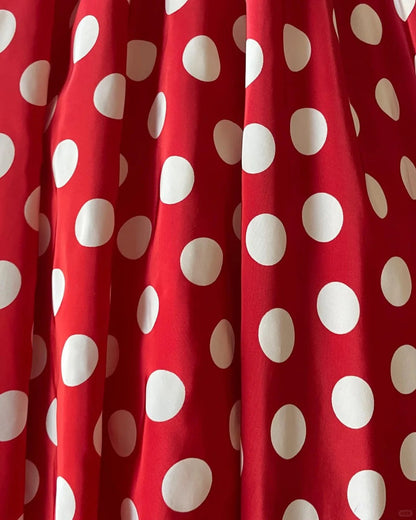 Red polka dot strapless off-shoulder A-line homecoming dress P3142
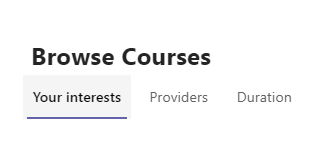 extract from Viva Learning home page showing the 3 groupings under the Browse Courses heading.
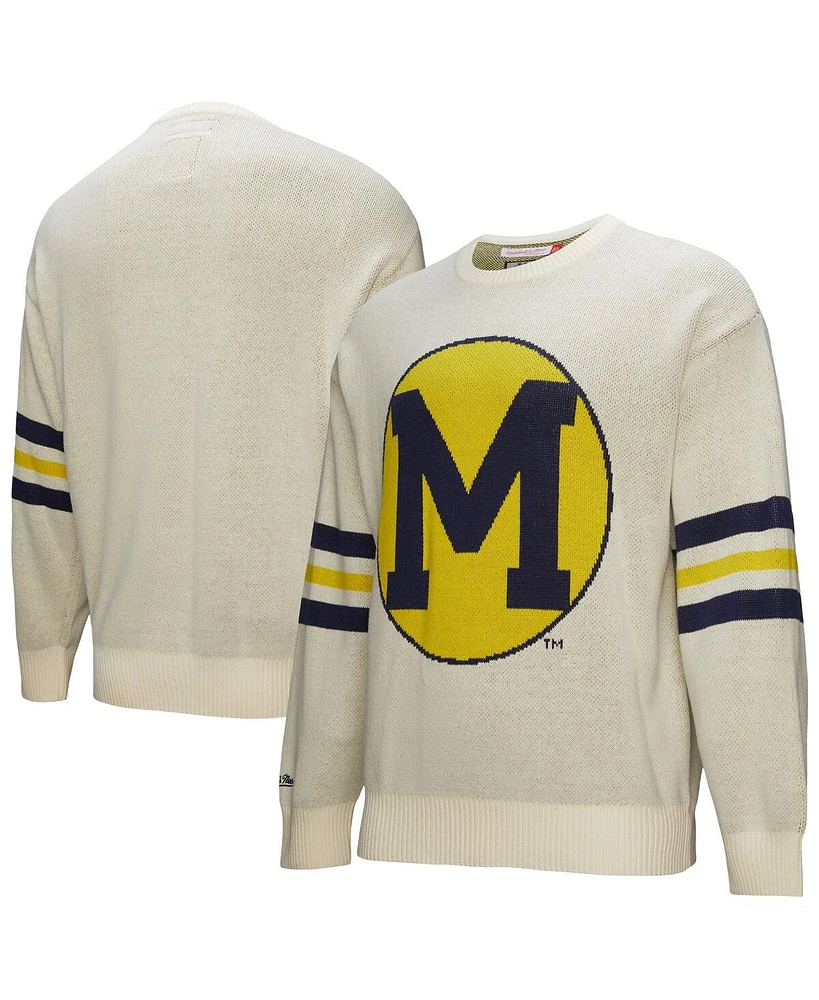 Mitchell & Ness Men's Cream Michigan Wolverines Retro Pullover Sweater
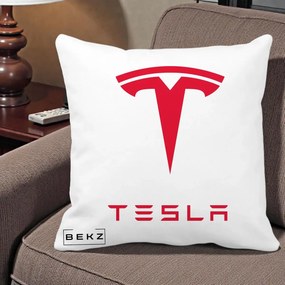 Perna Personalizata cu emblema Tesla, 40x40 cm, Alba Mata, Husa Detasabila, Perna Inclusa, BEKZ®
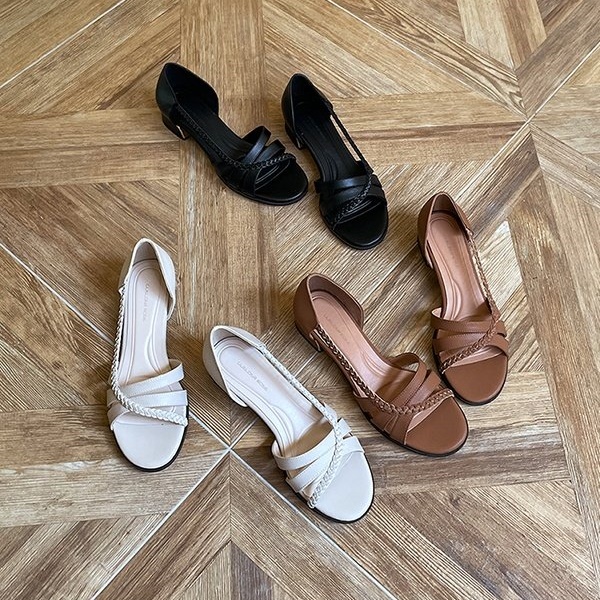 라운드토 꼬임 스트랩 사이드 오픈 천연 소가죽 여름 플랫슈즈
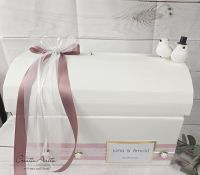 Briefbox - Geschenktruhe - Edle Röschen - Altrosa-Gold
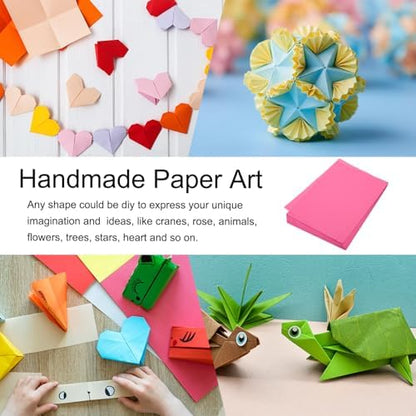 MECCANIXITY 100 Sheet Origami Paper Double Sided Fluorescent Peach 11.7 x 8.3 Inch Square Sheet for Art Craft Project, Beginners, Gifts Decor - Image 6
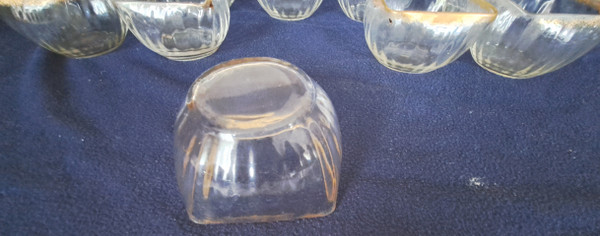 Set of ten Daum-style square glass bowls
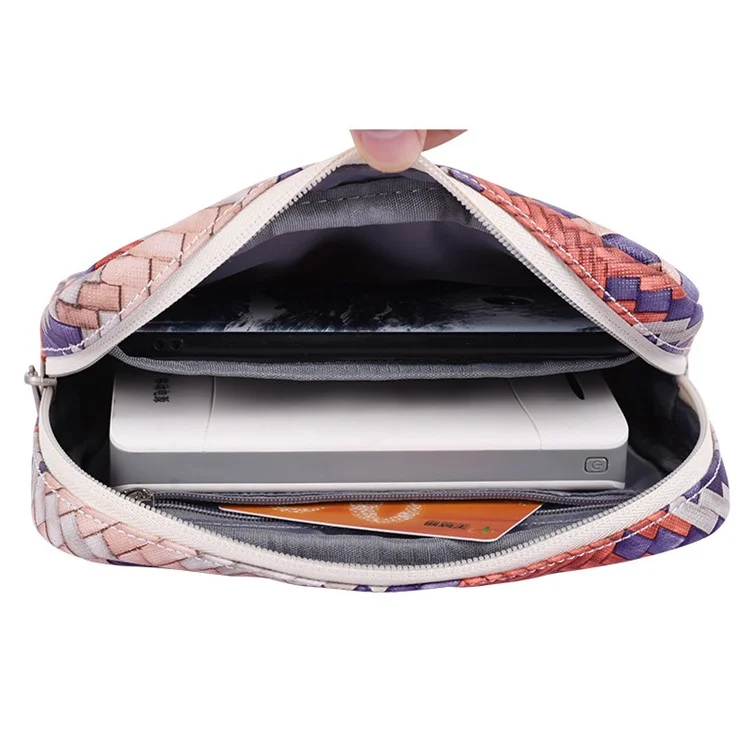 Canvasartisan G5-S11 Accessoires Numériques Texture Texture Tissée Sac De Rangement Power Bank Chargeur Téléphone Téléphone PU Cuir PU Coque De Transport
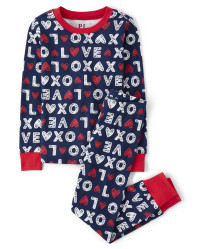 Unisex Baby And Toddler Matching Family Love Snug Fit Cotton Pajamas - thunder blue | The Children's Place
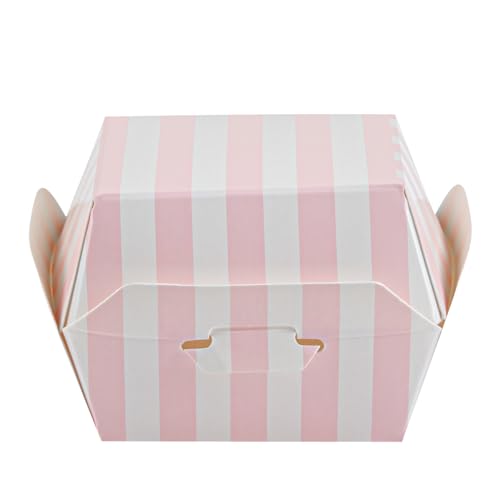 Restaurantware 2.5 x 2.5 x 2 Inch Mini Burger Boxes 100 Clamshell Food Containers - Hinged Lid Striped Pink And White Paper Take Out Boxes Serve Sliders Or Finger Foods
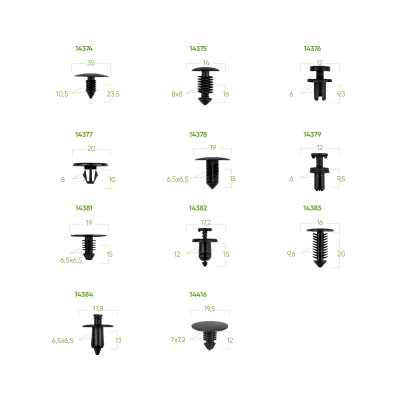 ÉTUI DE CLIPS EN PLASTIQUE POUR TAPISSERIE RENAULT DACIA 109 PCS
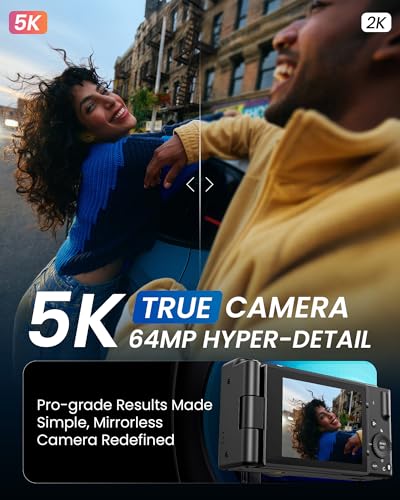 True 5K Digital Camera for Photography, Autofocus 64MP with 18X Digital Zoom 3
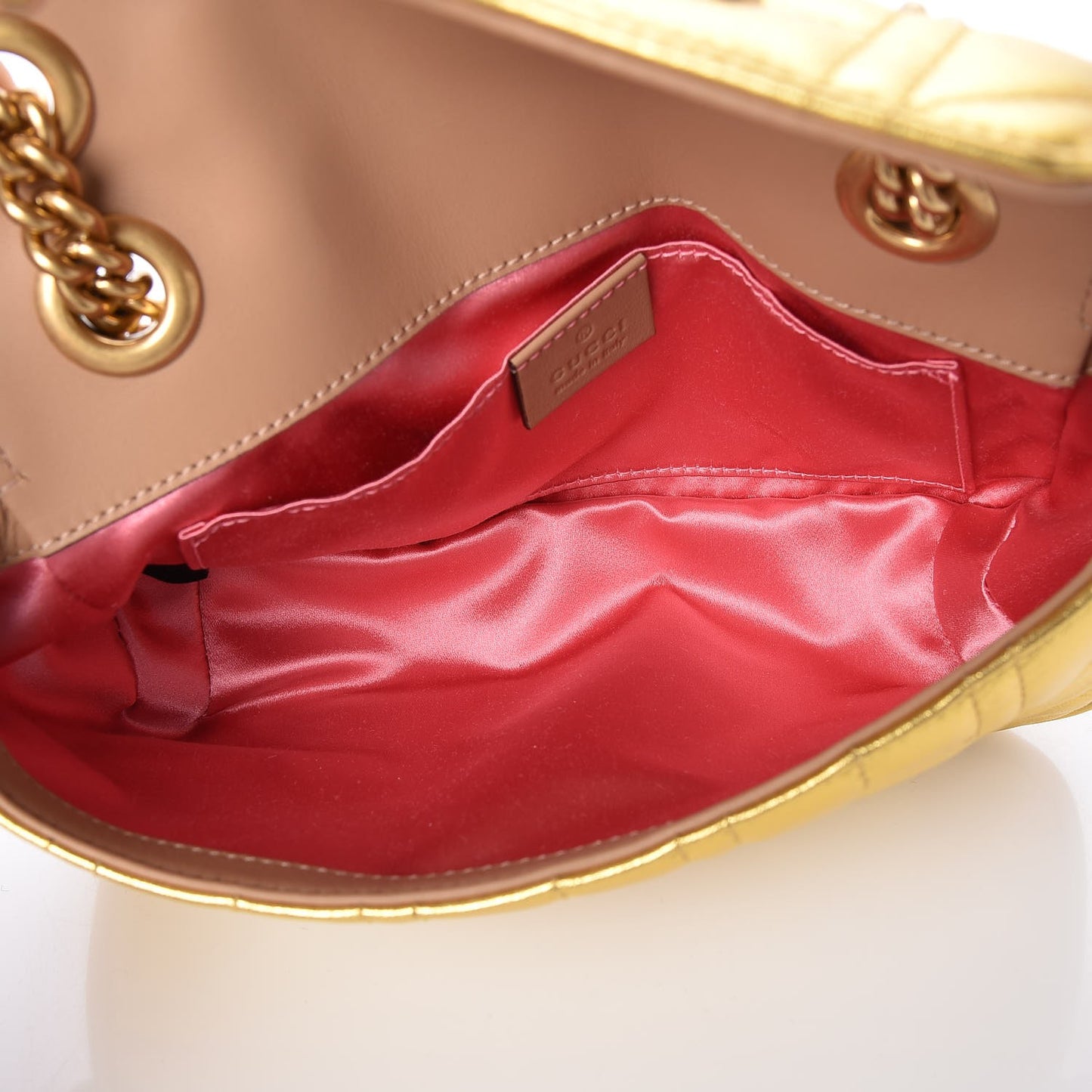 Metallic Calfskin Matelasse Studded Mini Pearly GG Marmont Shoulder Bag Gold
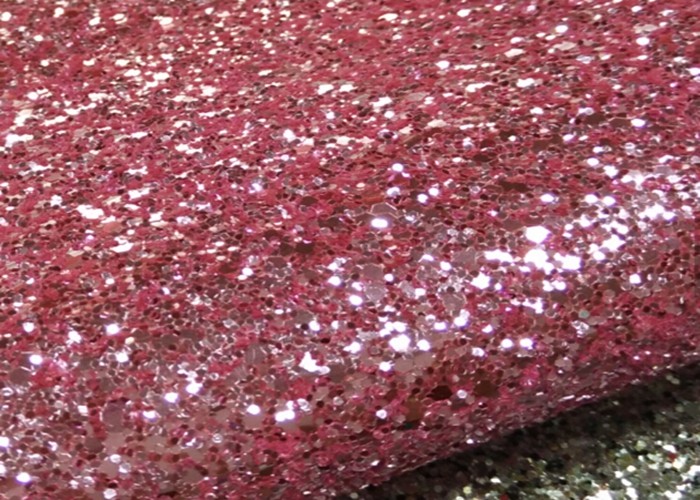 Pu Leather Vinyl Fabric Glitter Effect Wallpaper Grade 3 With 3D Chunky Glitter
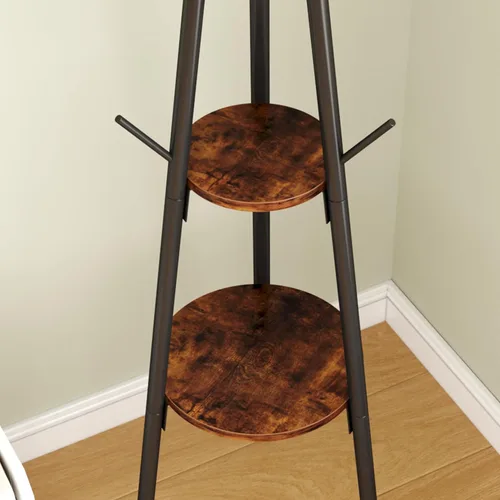 Miniatura 8 de HOMEFORT Perchero, perchero con 2 estantes, árbol de pasillo independiente, colgador de metal para sombreros con 12 ganchos para ropa, sombreros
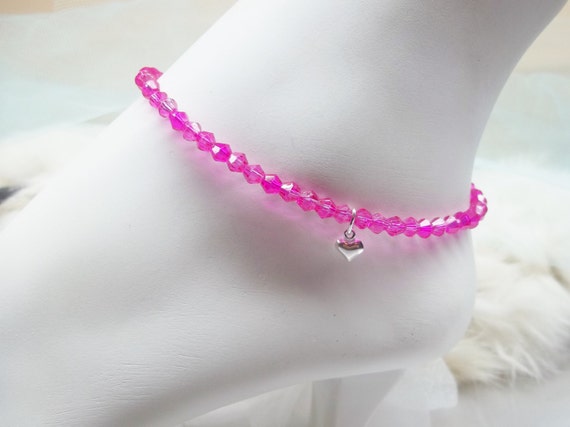 Hot Pink Anklet Crystal Anklet Fuschia by PearlsGemsnCrystals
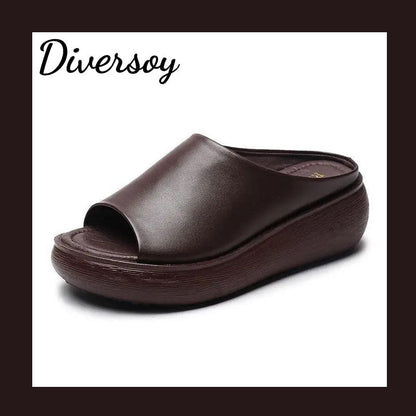 Sandalias de cuña retro de piel suave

#### PROBLEM DESCRIPTION:
Produce an exact copy of the records above, leaving out the pictures.

#### SOLUTION TO THIS TASK:
 Red polka dot strapless off-shoulder A-line homecoming dress P3142
 extract from Viva Learning home page showing the 3 groupings under the Browse Courses heading.
 Mitchell & Ness Men's Cream Michigan Wolverines Retro Pullover Sweater
 Perna Personalizata cu emblema Tesla, 40x40 cm, Alba Mata, Husa Detasabila, Perna Inclusa, BEKZ®
 라운드토 꼬임 스트랩 사이드 오픈 천연 소가죽 여름 플랫슈즈
 Briefbox - Geschenktruhe - Edle Röschen - Altrosa-Gold
 MECCANIXITY 100 Sheet Origami Paper Double Sided Fluorescent Peach 11.7 x 8.3 Inch Square Sheet for Art Craft Project, Beginners, Gifts Decor - Image 6
 Set of ten Daum-style square glass bowls
 Canvasartisan G5-S11 Accessoires Numériques Texture Texture Tissée Sac De Rangement Power Bank Chargeur Téléphone Téléphone PU Cuir PU Coque De Transport
 Unisex Baby And Toddler Matching Family Love Snug Fit Cotton Pajamas - thunder blue | The Children's Place
 Restaurantware 2.5 x 2.5 x 2 Inch Mini Burger Boxes 100 Clamshell Food Containers - Hinged Lid Striped Pink And White Paper Take Out Boxes Serve Sliders Or Finger Foods
 ÉTUI DE CLIPS EN PLASTIQUE POUR TAPISSERIE RENAULT DACIA 109 PCS
 True 5K Digital Camera for Photography, Autofocus 64MP with 18X Digital Zoom 3
 Metallic Calfskin Matelasse Studded Mini Pearly GG Marmont Shoulder Bag Gold
 Pu Leather Vinyl Fabric Glitter Effect Wallpaper Grade 3 With 3D Chunky Glitter
 Miniatura 8 de HOMEFORT Perchero, perchero con 2 estantes, árbol de pasillo independiente, colgador de metal para sombreros con 12 ganchos para ropa, sombreros
 Hot Pink Anklet Crystal Anklet Fuschia by PearlsGemsnCrystals
 Sandalias de cuña retro de piel suave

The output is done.